* How to complete this task: Restate the listing below word for word; no picture is to be carried over.

Raw data Start Marker

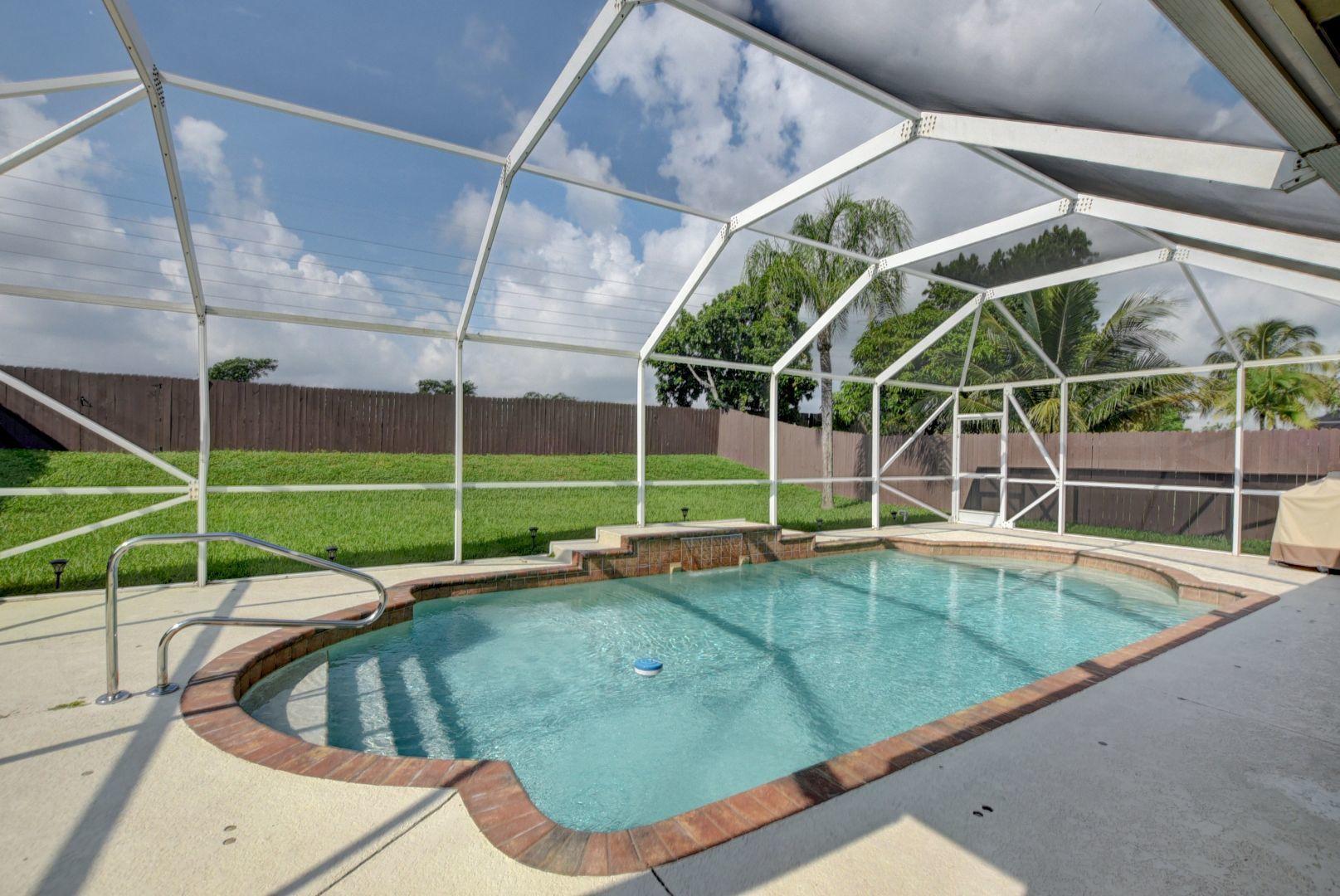 12668 Little Palm Lane Boca Raton, FL 33428 - Photo 19 of 21 29_ebf_0316and4more
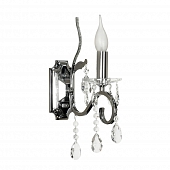 Бра Vesuvio Vesuvio E 2.1.1.601 N 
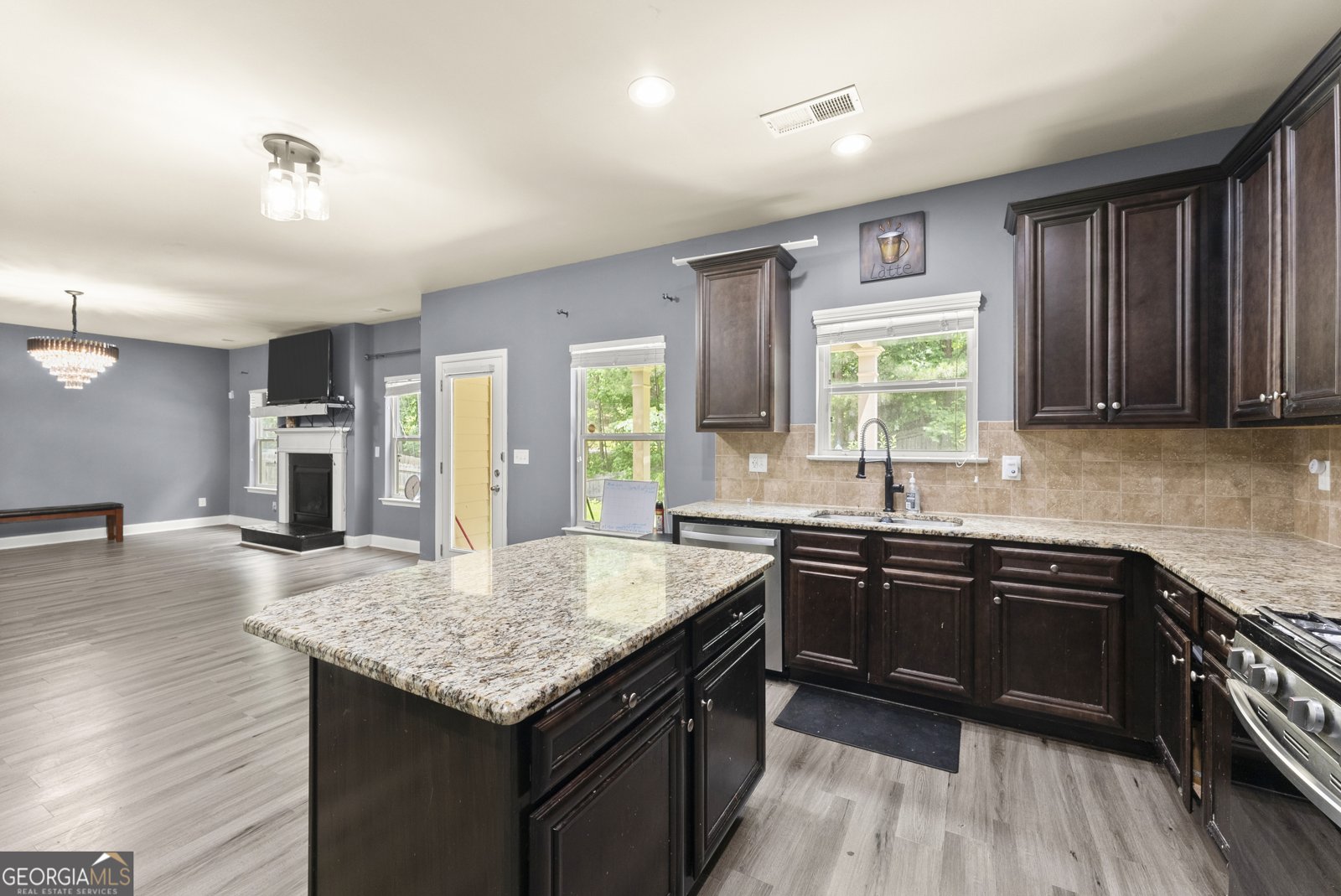 240 Somerset Drive Dallas - 15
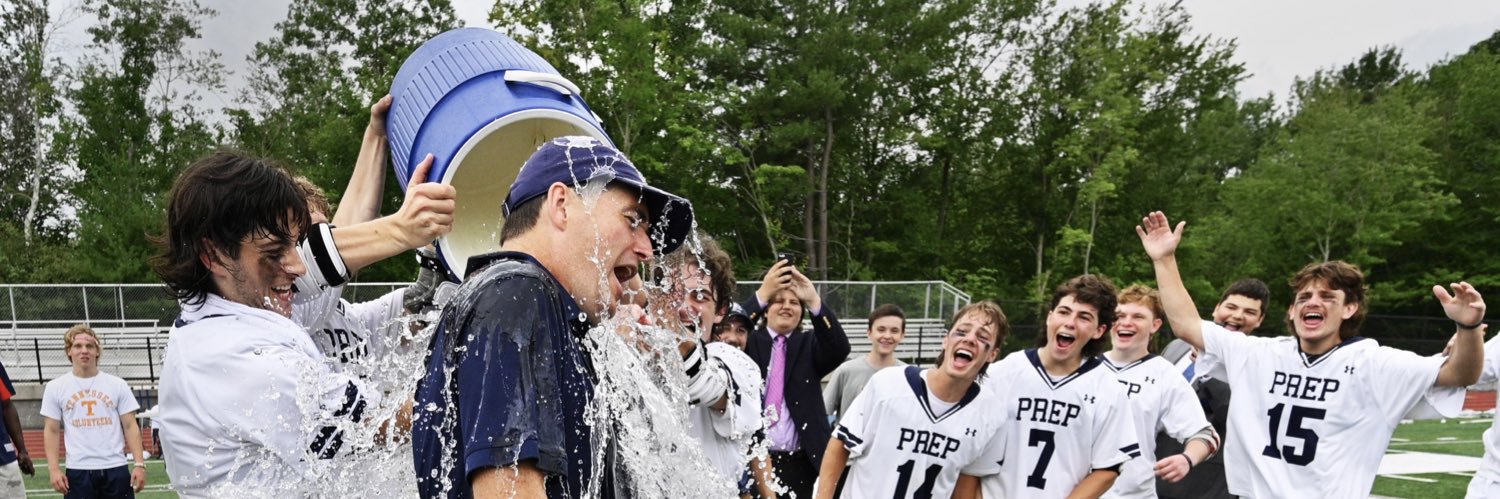 LaxJunkie's profile banner image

Raw data End Marker

* Output:
 12668 Little Palm Lane Boca Raton, FL 33428 - Photo 19 of 21 29_ebf_0316and4more
 Бра Vesuvio Vesuvio E 2.1.1.601 N 
 240 Somerset Drive Dallas - 15
 LaxJunkie's profile banner image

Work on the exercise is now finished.